Task requirements
In the data below, find the line containing "5 bedroom detached" and the line containing "Palazzo in vendita a Porta a Piagge, Pisa", then reproduce them and every line between, exactly. Omit pictures.

Exercise material
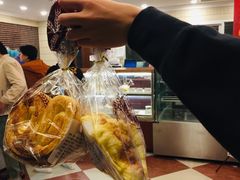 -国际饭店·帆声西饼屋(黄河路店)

* * *

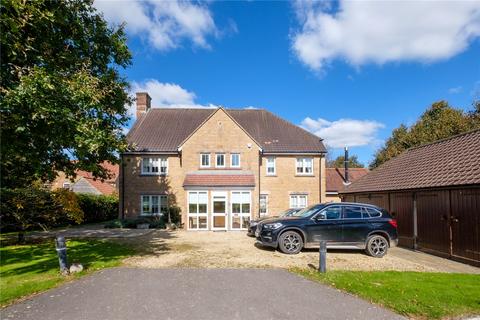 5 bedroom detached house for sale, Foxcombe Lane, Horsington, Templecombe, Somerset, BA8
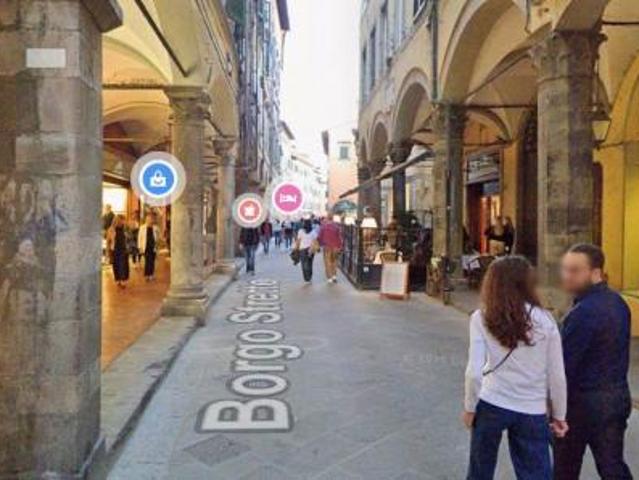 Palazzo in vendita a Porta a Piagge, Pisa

---

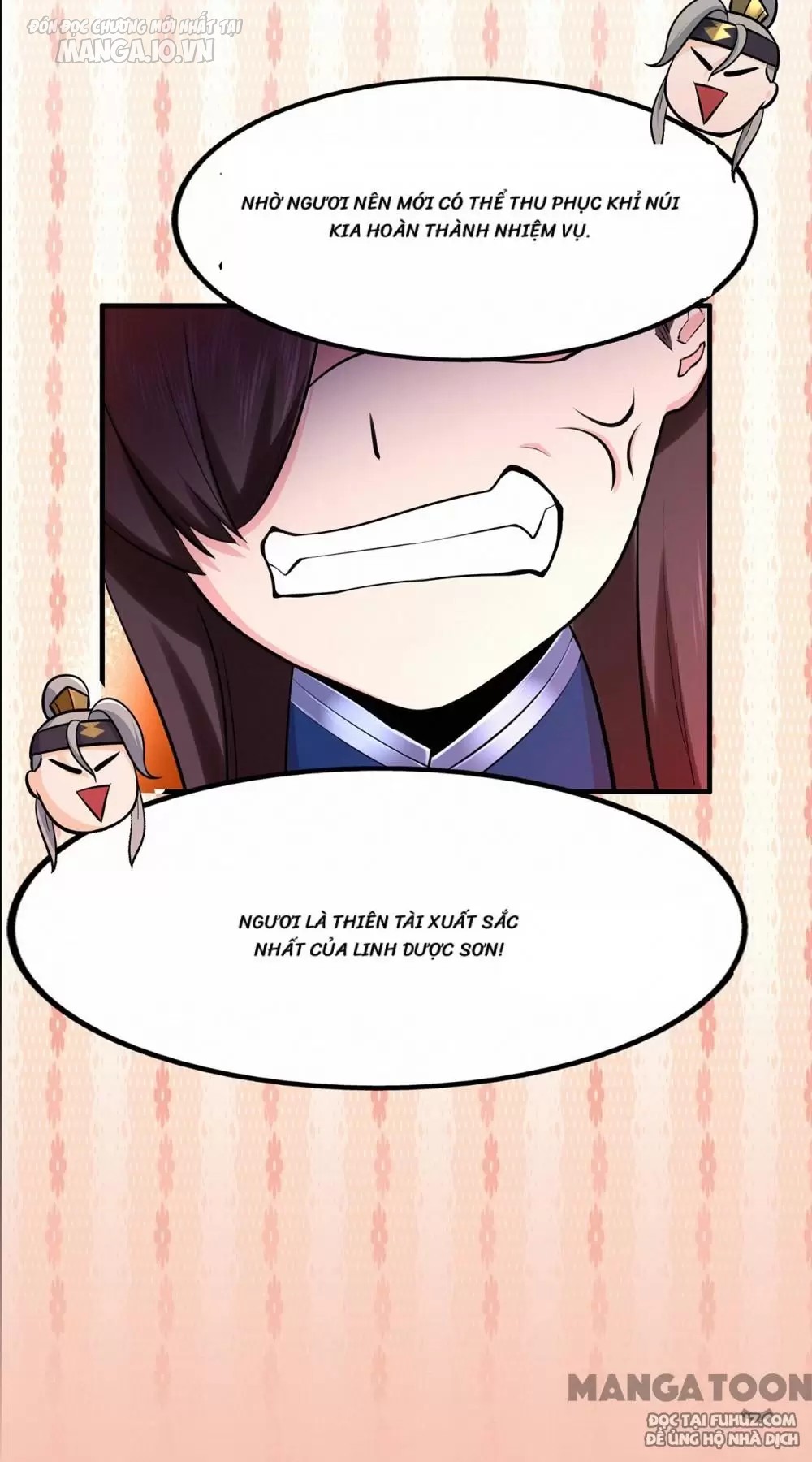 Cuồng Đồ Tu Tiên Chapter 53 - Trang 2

Response for this exercise
 5 bedroom detached house for sale, Foxcombe Lane, Horsington, Templecombe, Somerset, BA8
 Palazzo in vendita a Porta a Piagge, Pisa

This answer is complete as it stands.